Prompt:
Return all lines of the data in which the string "Acrylic" occurs.

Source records
---*---

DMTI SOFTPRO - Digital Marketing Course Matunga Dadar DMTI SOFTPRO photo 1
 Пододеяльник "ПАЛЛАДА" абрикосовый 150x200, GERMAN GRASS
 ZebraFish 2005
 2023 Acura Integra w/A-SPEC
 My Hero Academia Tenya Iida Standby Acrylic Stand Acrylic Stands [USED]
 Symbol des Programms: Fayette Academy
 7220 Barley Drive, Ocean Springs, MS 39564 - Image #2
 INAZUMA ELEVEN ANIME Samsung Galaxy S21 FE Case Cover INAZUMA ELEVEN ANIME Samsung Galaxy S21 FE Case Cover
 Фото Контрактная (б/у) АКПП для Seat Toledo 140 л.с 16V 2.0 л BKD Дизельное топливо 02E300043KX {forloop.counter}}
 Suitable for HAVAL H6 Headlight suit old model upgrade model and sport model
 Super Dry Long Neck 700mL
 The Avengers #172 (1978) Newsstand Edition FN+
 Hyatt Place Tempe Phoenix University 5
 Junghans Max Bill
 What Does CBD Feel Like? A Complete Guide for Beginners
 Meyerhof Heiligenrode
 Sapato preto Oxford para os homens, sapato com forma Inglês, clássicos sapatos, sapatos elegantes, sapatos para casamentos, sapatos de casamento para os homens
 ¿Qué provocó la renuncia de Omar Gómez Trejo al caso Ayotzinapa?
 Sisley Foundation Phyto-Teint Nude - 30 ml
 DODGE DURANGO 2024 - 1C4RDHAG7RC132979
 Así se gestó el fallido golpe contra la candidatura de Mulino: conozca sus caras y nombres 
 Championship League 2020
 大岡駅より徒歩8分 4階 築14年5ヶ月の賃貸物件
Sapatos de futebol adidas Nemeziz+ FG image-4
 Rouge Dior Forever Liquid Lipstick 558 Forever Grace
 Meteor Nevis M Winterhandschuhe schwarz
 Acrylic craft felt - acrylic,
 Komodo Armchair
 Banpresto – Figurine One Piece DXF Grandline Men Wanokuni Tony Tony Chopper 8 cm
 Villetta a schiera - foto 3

---*---

Task response:
 My Hero Academia Tenya Iida Standby Acrylic Stand Acrylic Stands [USED]
 Acrylic craft felt - acrylic,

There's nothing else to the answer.